== What this task involves ==
Exact copy, no pictures: output each line below as it stands.

== Collected material ==
········

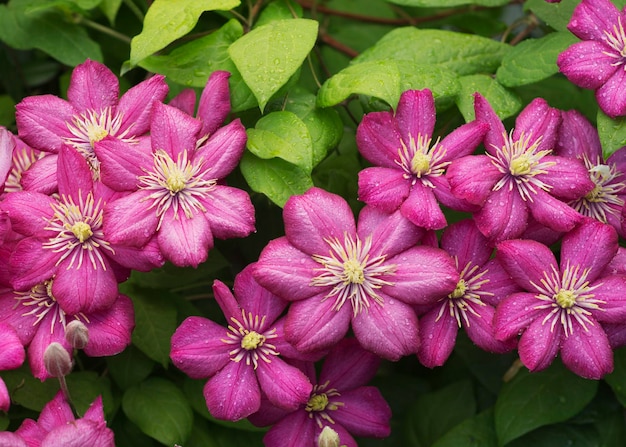 Paarse clematisbloem in de tuin 6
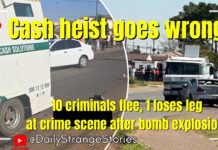 Cash-in-transit heist goes wrong: 10 criminals flee, 1 loses leg at crime scene after bombing himself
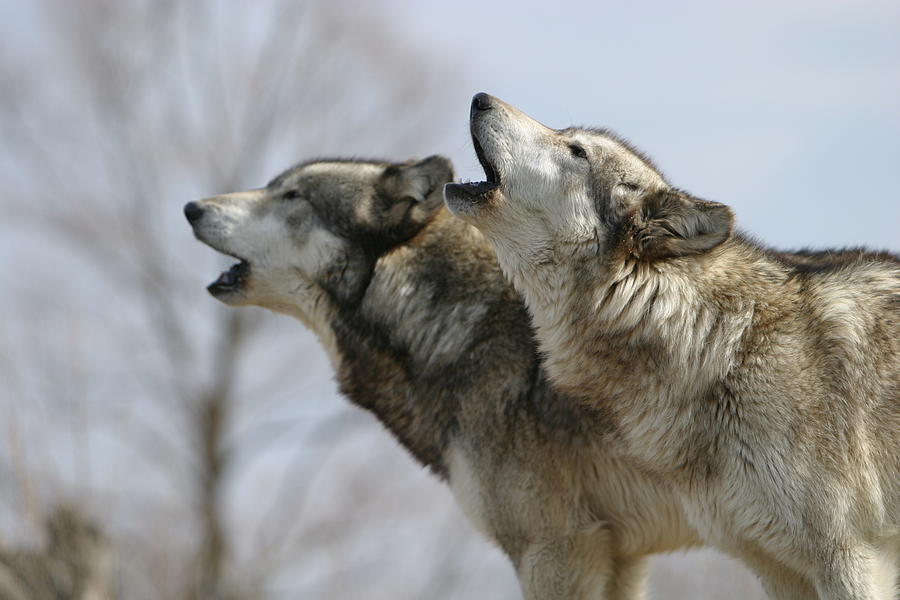 Duet Howl Photograph by Shari Jardina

········

== Problem solution ==
 Paarse clematisbloem in de tuin 6
 Cash-in-transit heist goes wrong: 10 criminals flee, 1 loses leg at crime scene after bombing himself
 Duet Howl Photograph by Shari Jardina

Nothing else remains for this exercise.